— Держите, Елизавета. Это особая карта, для своих. Самое лучшее обслуживание по приятным ценам.

— А если, если мой Данечка окажется не сыном Льва Ильича?

Мне казалось, что я поступаю не совсем честно, принимая такой подарок.

— Это совершенно не важно. И, возможно, поможет в поисках отца ребёнка. Ваш экспресс–анализ будет готов через два дня.

— Так быстро? — удивилась я.

— Ожидайте результата. С вами свяжутся.

— Хорошо, спасибо, — я судорожно вздохнула, вцепившись в крошечный кусочек белоснежного картона с номерами телефонов.

Возможно, моя жизнь и жизнь моего ребенка скоро очень сильно изменится, к чему я была совершенно не готова.

Доктор улыбнулся, покорив своими ямочками на щеках, и ретировался вместе с провожатым, Алина же только выдохнула: «Он такой! Такой!»

— Хороший он человек, Алина. Оставь его в покое.

10. Глава 10

К вечеру я умоталась окончательно. Доделала и сдала проект на работе, в мыле вернулась домой, приготовила еды на пару дней, сбегала погуляла с Данечкой, накормила–напоила–уложила, сама приняла душ и хотела уже завалиться спать пораньше, не дождавшись «Спокойной ночи, малыши», как вдруг раздался звонок в дверь.
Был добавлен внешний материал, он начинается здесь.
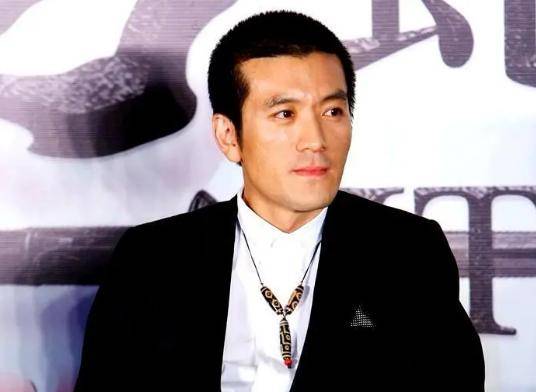 剧中|原创《琉璃》撞脸合集：璇玑神似古装最丑男主，男配像是杨子亲兄弟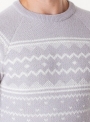 Мужской серый свитер крупной вязки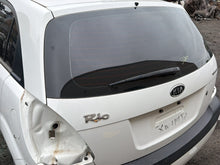2005 Kia Rio JB - Tailgate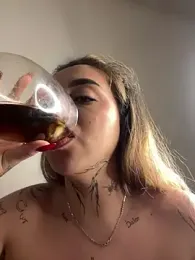 Velvet1_ — Stripchat stream photo (Aug 2026)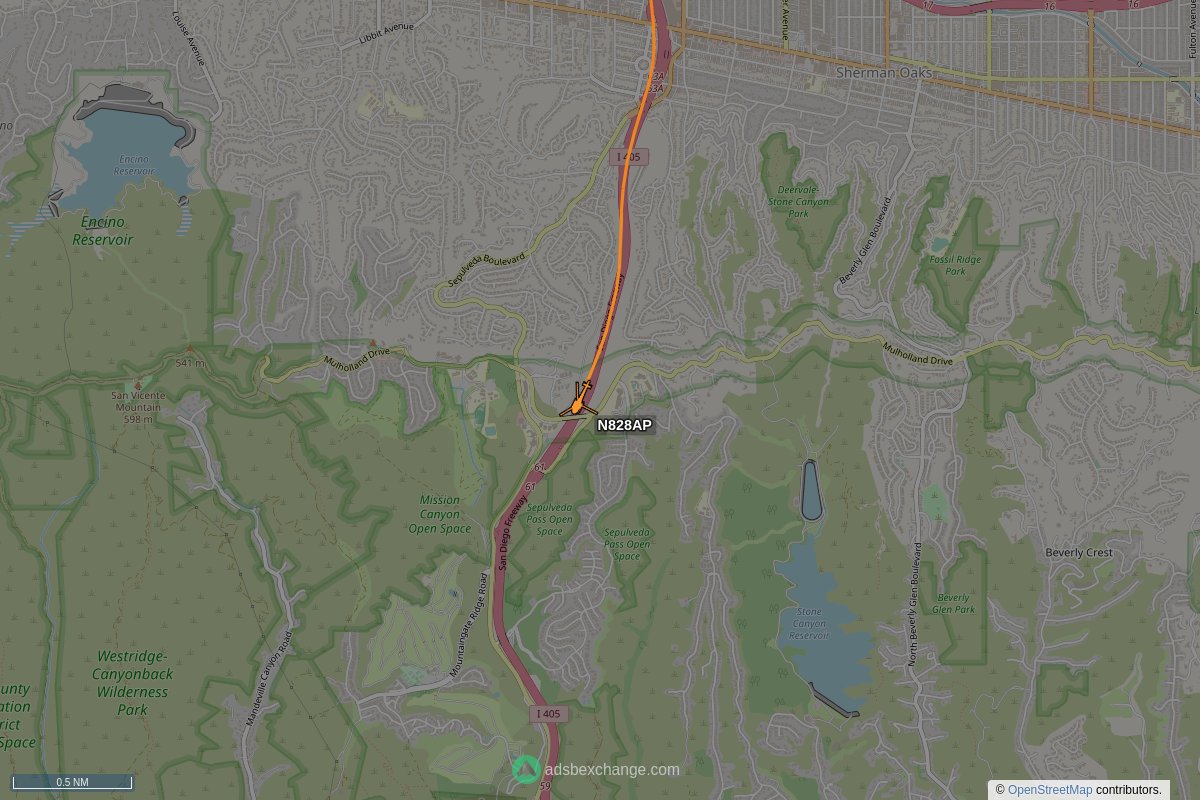 newsoverhead's tweet photo. ABC Air 7 LA aircraft #N828AP (a AS50) was seen near Encino, Los Angeles, CA at approx 16:42 UTC squawking 1200 https://t.co/lhPtC4IW5F https://t.co/bNK7XGzaXJ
Буквально десять–пятнадцать минут назад Алина убежала гулять с подружками, и я подумала, что это она вернулась за чем–нибудь позабытым. Накинула халат, не удосужившись завязать его поясом, открыла дверь. Но пришла отнюдь не сестра, а Мегера Геннадьевна собственной персоной.

— Добрый вечер, — чинно поздоровалась она.

— Здравствуйте, — ответила я, не приглашая её в дом. Времена «счастливого» замужества прошли, защитника–Костика за её спиной не маячило, да и его мнение меня уже не интересовало, как прежде, так что вести себя пристойно и «как положено супруге отпрыска славного рода Корбут» не было ни сил, ни желания. А вот желание послать пока ещё свекровь было и очень, очень сильное.

— Я бы хотела с тобой поговорить, — произнесла Марта Геннадьевна удивительно непривычным милым голосочком.

— Ночью? — отчеканила я в ответ, всеми интонациями намекая, что время позднее, совсем неуместное для бесед.

— Тебя целый день не было дома, Лизонька, я заходила и раньше, — продолжала свекровь удивлять.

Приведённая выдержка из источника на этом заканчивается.